Sounion – A crucial location in the ancient Greek world
The earliest account of Sounion was found in Homer’s Odyssey, which placed Sounion as the spot where King Menelaus of Sparta died while returning from Troy. Homer’s life is shrouded in uncertainty, he could have lived between 12th or 8th century BC.
The more ‘recent’ account of Sounion was mentioned by Herodotus who wrote around 400 BC, and he mentioned Sounion as the site where ancient Athenians celebrated a boat festival there in around 6th century BC.
Archaeological finds date Sounion to around 700 BC. Two major finds concretely dates Sounion back to the Archaic period – the beautiful naked male statue called the Sounion Kouros dates from 600 BC and the self-crowing athlete “Autostephanoumenos” is a bas-relief from around 460 BC.
The Temple of Poseidon on Cape Sounion
It is most likely there was already a Temple of Poseidon on the site from the Archaic period but it was destroyed by the Persians when they sieged Athens in 480 BC during Xerxes I’s invasion of Greece.
This current temple dates from 440-400 BC.

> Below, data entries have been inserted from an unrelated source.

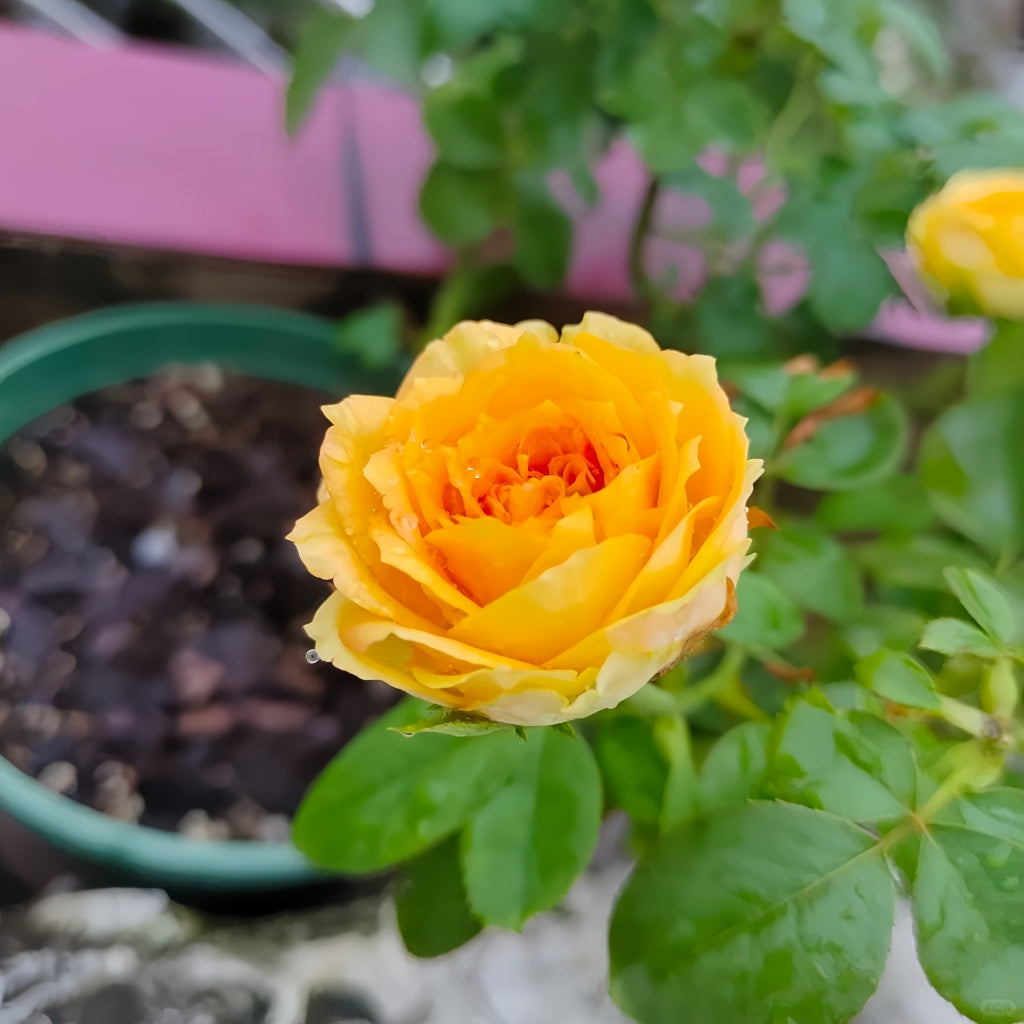 Endless Summer Rose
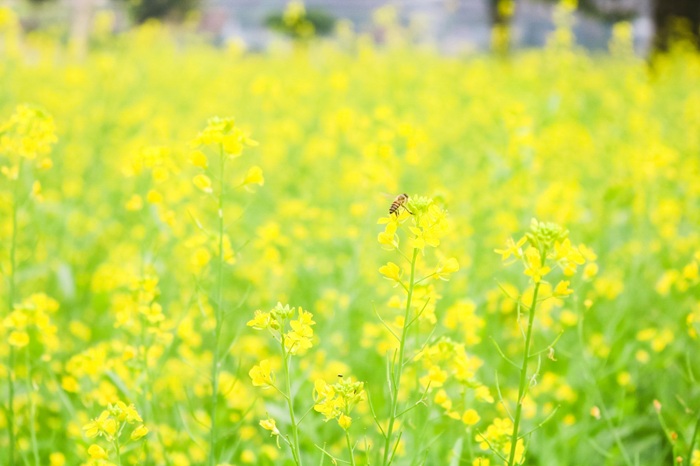 Khung cảnh thiên nhiên rực rỡ với những bông hoa vàng nở rộ, thu hút ong bướm đến hút mật, qua ống kính của tác giả.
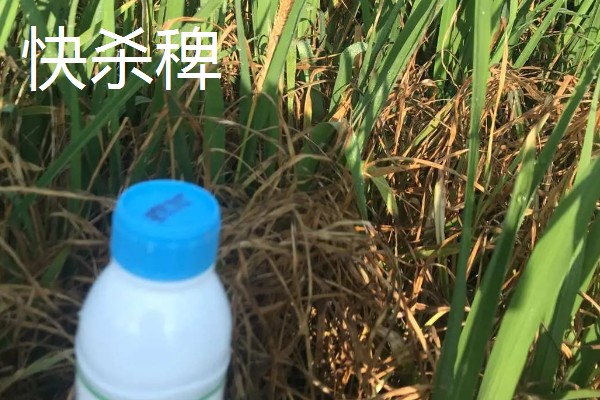 除草剂对后茬作物有什么影响,不同种类的影响不同
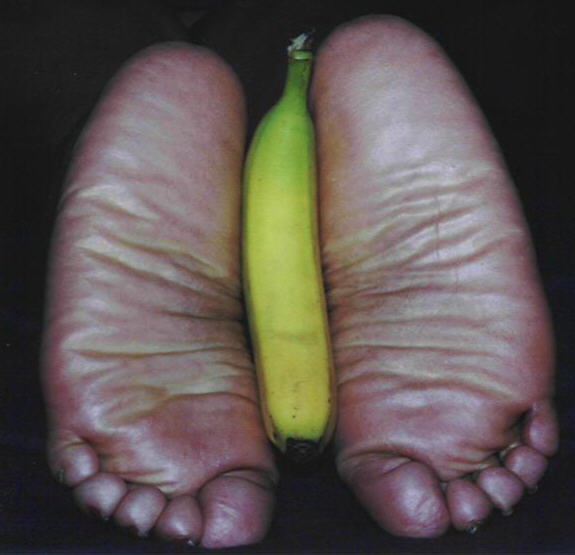 PlumBunny_Fruit21.jpg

Why you should visit the Temple of Poseidon on Cape Sounion
If you had visited the Parthenon on the Acropolis in Athens and marvelled at the view, you would appreciate the same view here but over the sea.
Thousands flock here each day to watch the sunset, and believe me, it is a wonderful feeling.
Lord Byron spent some months in Athens in 1810-11, and he was known to have visited Sounion twice. There was an inscription of his name on one of the columns, supposed by himself. See if you can find it. I did 😉 And when you do so, think of his poem “Isles of Greece”:
“Place me on Sunium’s marbled steep,
Where nothing, save the waves and I,
May hear our mutual murmurs sweep.”
You feel the history, the drama, the beauty of ancient Greek civilisation. You will truly understand why this was a great civilisation, in terms of engineering, art, sciences and culture. It was not a utopia for sure, but their understanding of themselves as humans are far more insightful than many of us living in this modern age.